Thursday, February 26, 2015

Digital citizenship: who are our models?

How do we learn to behave online? In the case of adults, unless we take classes about this concept, it is pretty much by trial and error, and by imitation of what others do.
We emulate what we see others do. For example, a few years ago I read about a writer called Roni Lauren who blogged about her work. She used pictures she found online and wrote a disclaimer about them following what others had written on their blogs. She thought she was fine until one photographer sued her. As she mentioned in her lessons learned, she paid for a pic she did not need. She could have taken a picture herself or resorted to the use of pics used under Creative Commons (CC) licenses. She strongly advices bloggers to use CC pics so they would not have to go through what she did.
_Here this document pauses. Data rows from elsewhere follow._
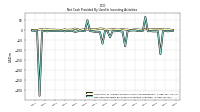 Net Cash Provided By Used In Investing Activities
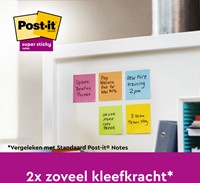 Memoblok Post-it 655 Super Sticky 76x127mm neon geel-3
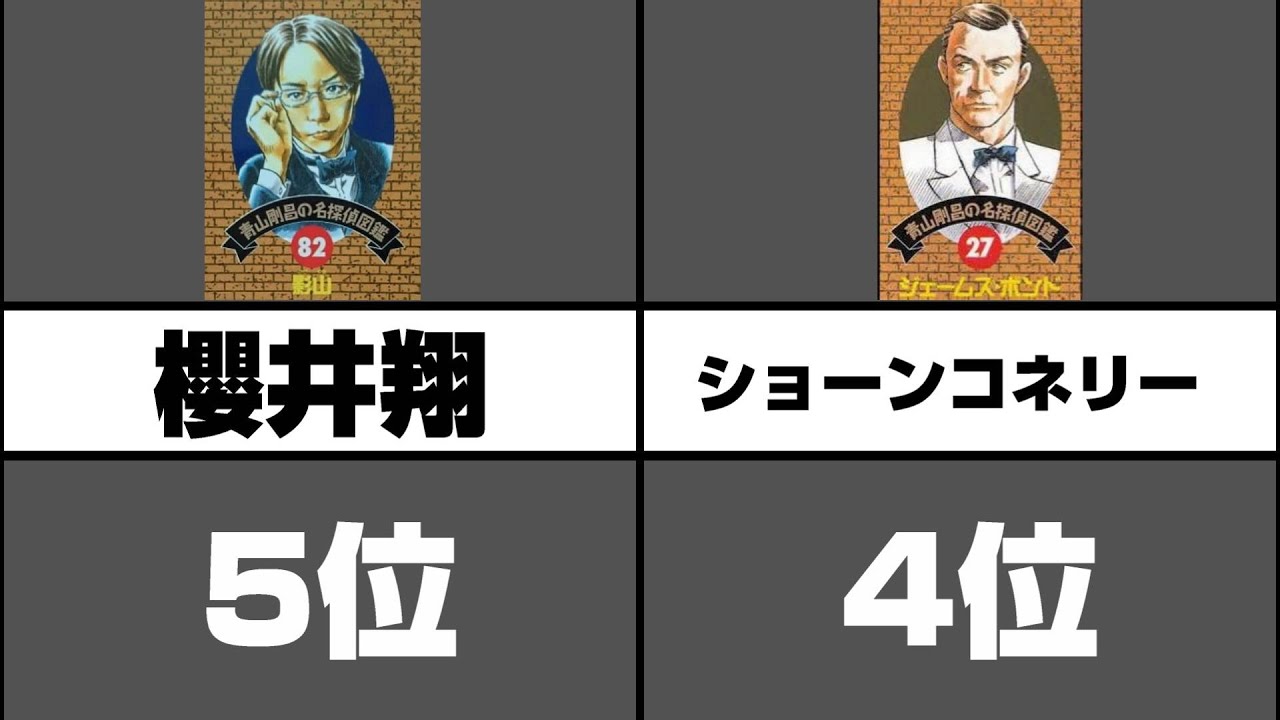 名探偵コナンの名探偵図鑑に登場して嬉しかった有名人ランキング アニメ比較 名探偵コナン動画まとめ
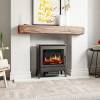 Aurora Rio Electric Fire glowing embers and customisable 3D flame projection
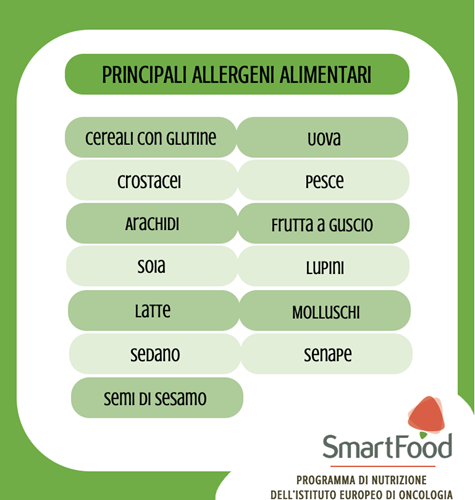 I principali allergeni alimentari riportati dal Regolamento (UE) n° 1169/2011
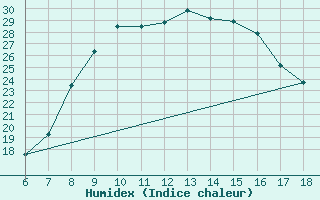 Courbe de l'humidex pour Marina Di Ginosa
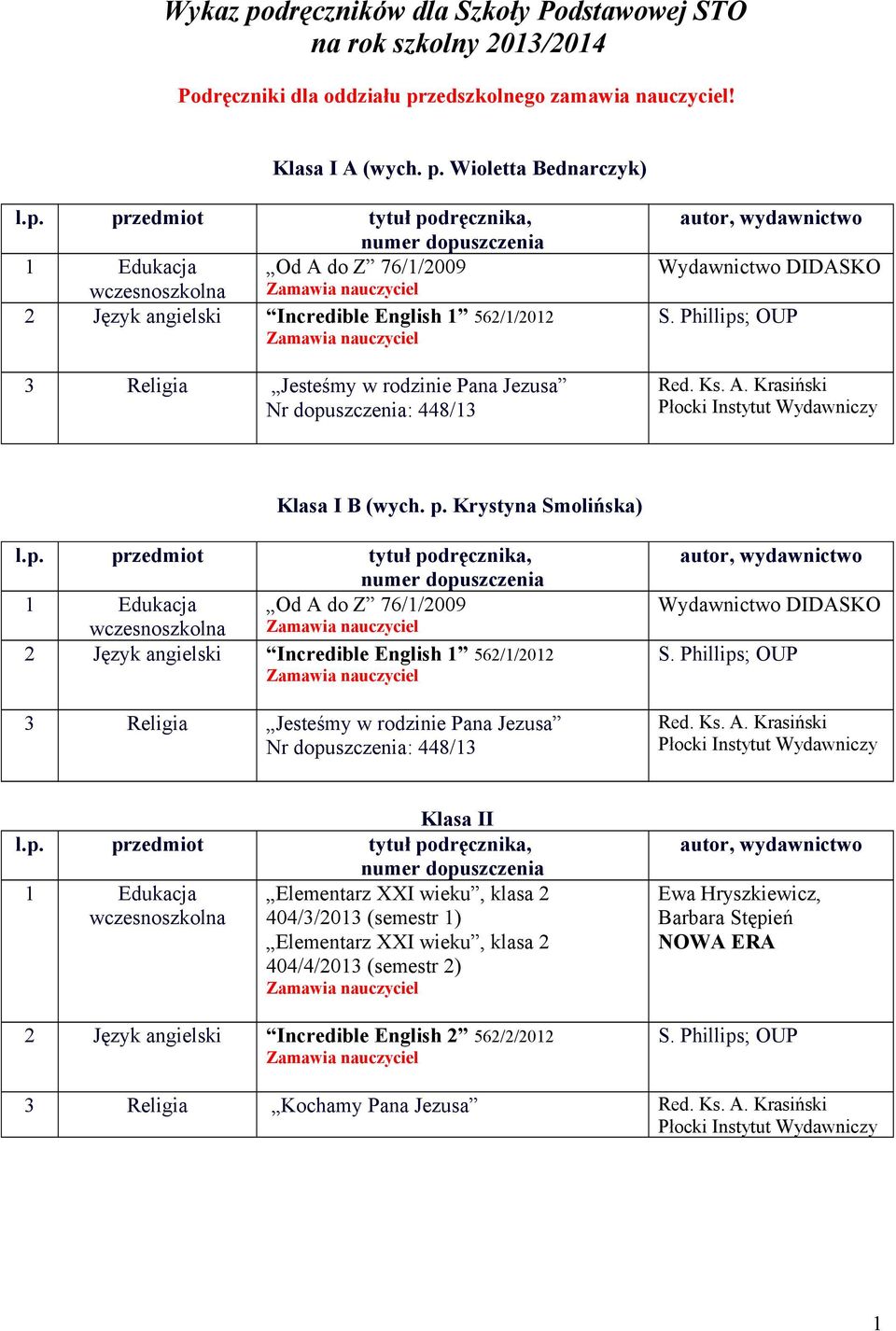 zedszkolnego zamawia nauczyciel! Klasa I A (wych. p.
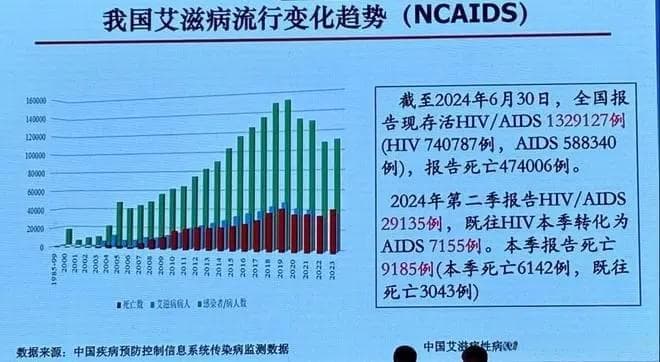 2025疾控部门需应对的严峻考验，推动艾滋病早期干预系统刻不容缓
What happens with Twitter users and followers? There are a few cases that are worth taking a closer look. In the UK in 2012, a couple of journalists made allusions about a person who may have incurred in misconducts without specifying his name but providing enough details that putting two and two together was not difficult. As a result, a series of twits emerged and were retwitted creating a great scandal about this situation. The person in question was wrongly accused and he decided to take legal actions against the journalists, the person who wrote the first twit, and those who retwitted it because they had not exercised their critical thinking wisely. The interesting thing about the action the victim took was to include those who had retwitted the information because they had not taken into consideration if someone could be hurt. The distinction he made was that those writers who had only 500 followers would pay a fine and make public apologies but those who had more followers would have to pay a greater fine in addition to apologizing. What's the point here? This case left a precedent that it is not ok to twit anything and that there could be legal repercussions if one proceeds without care.
From an educational standpoint, we also learn to tweet based on what others do. So it is necessary to discuss what we see, read, and the reactions that we notice when we see tweets that are not ok. As educators, we need to engage our students in exercises that involve writing tweets and discussing their ramifications.